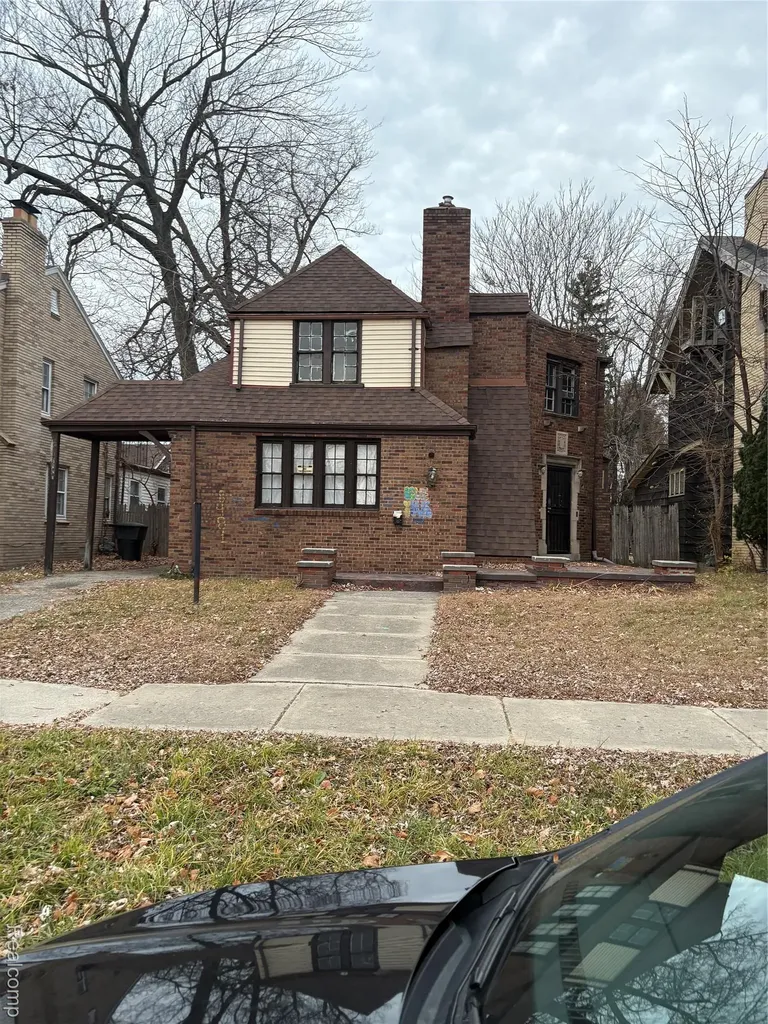 8481 E Outer Drive Detroit City MI 48213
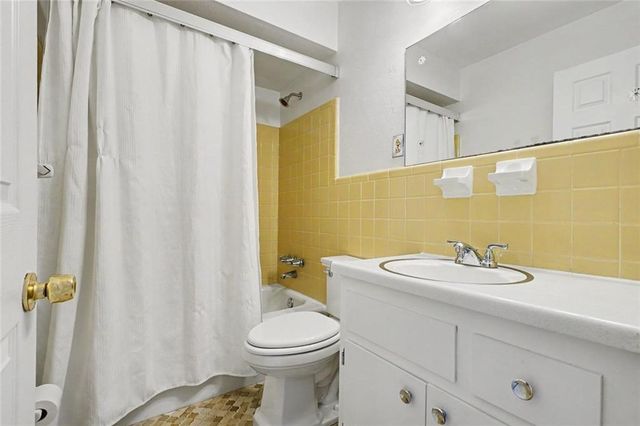3710 Oregon Trail, Decatur, GA 30032
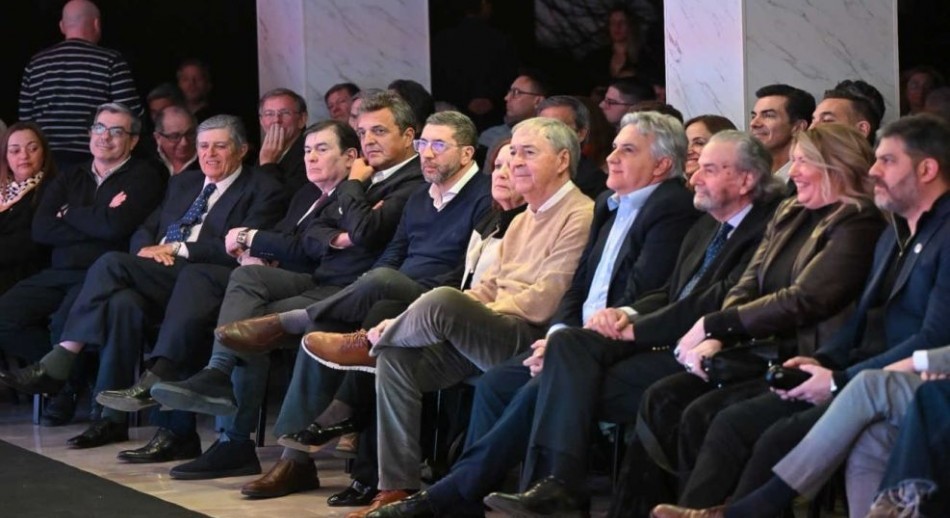 Un homenaje a De la Sota reunió a Massa, Schiaretti, Llaryora, Brito y Bianco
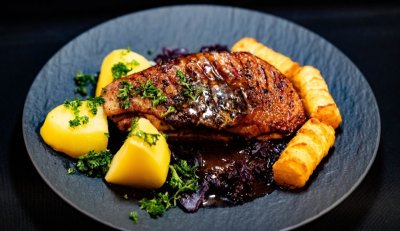 Kachní prsa se zelím, omáčkou a bramborovými šiškami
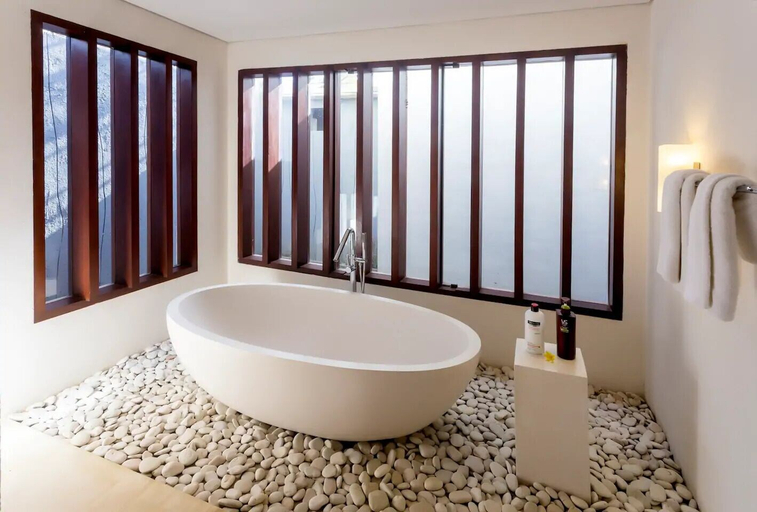 Bathroom 5, Kedonganan Beach Villas, Badung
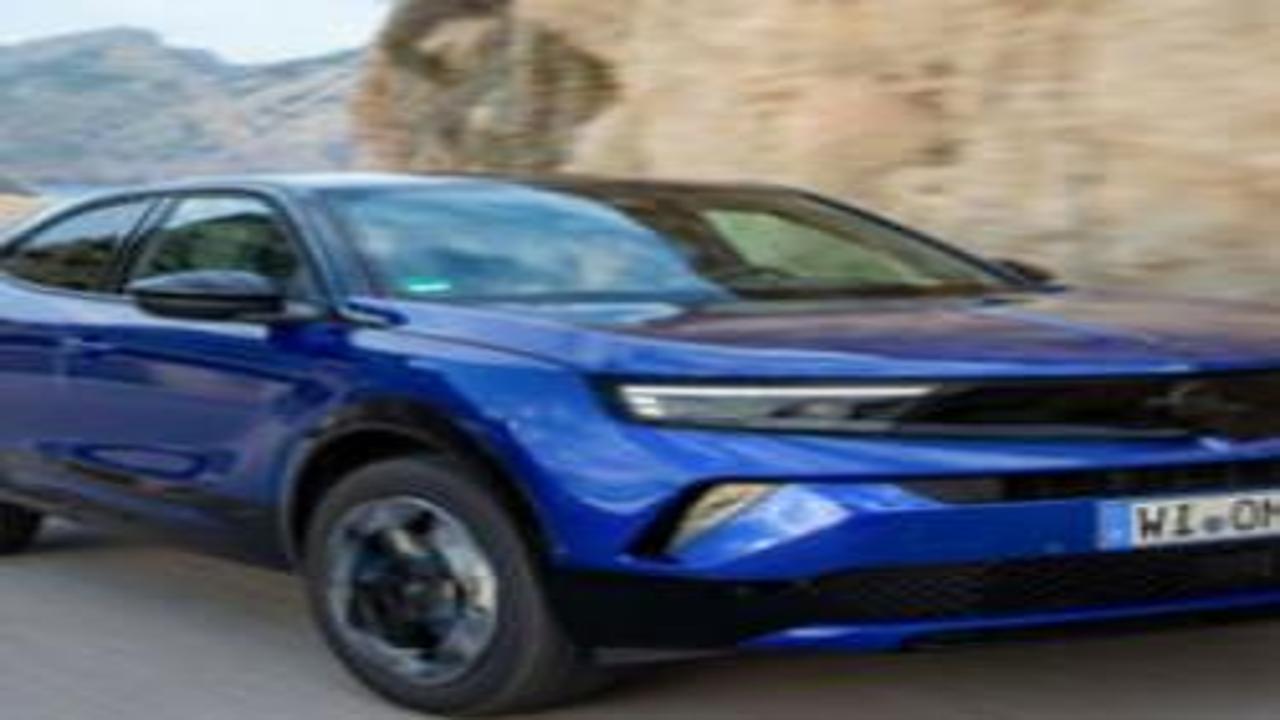 Opel, Corsa ve Mokka'nın 48V hibrit versiyonu Türkiye’de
_ _ _ _
■ WHAT YOU HAVE TO DO: A verbatim copy of all the records, minus the pictures, is the expected answer.

■ TASK SOLUTION:
 8481 E Outer Drive Detroit City MI 48213
3710 Oregon Trail, Decatur, GA 30032
 Un homenaje a De la Sota reunió a Massa, Schiaretti, Llaryora, Brito y Bianco
 Kachní prsa se zelím, omáčkou a bramborovými šiškami
 Bathroom 5, Kedonganan Beach Villas, Badung
 Opel, Corsa ve Mokka'nın 48V hibrit versiyonu Türkiye’de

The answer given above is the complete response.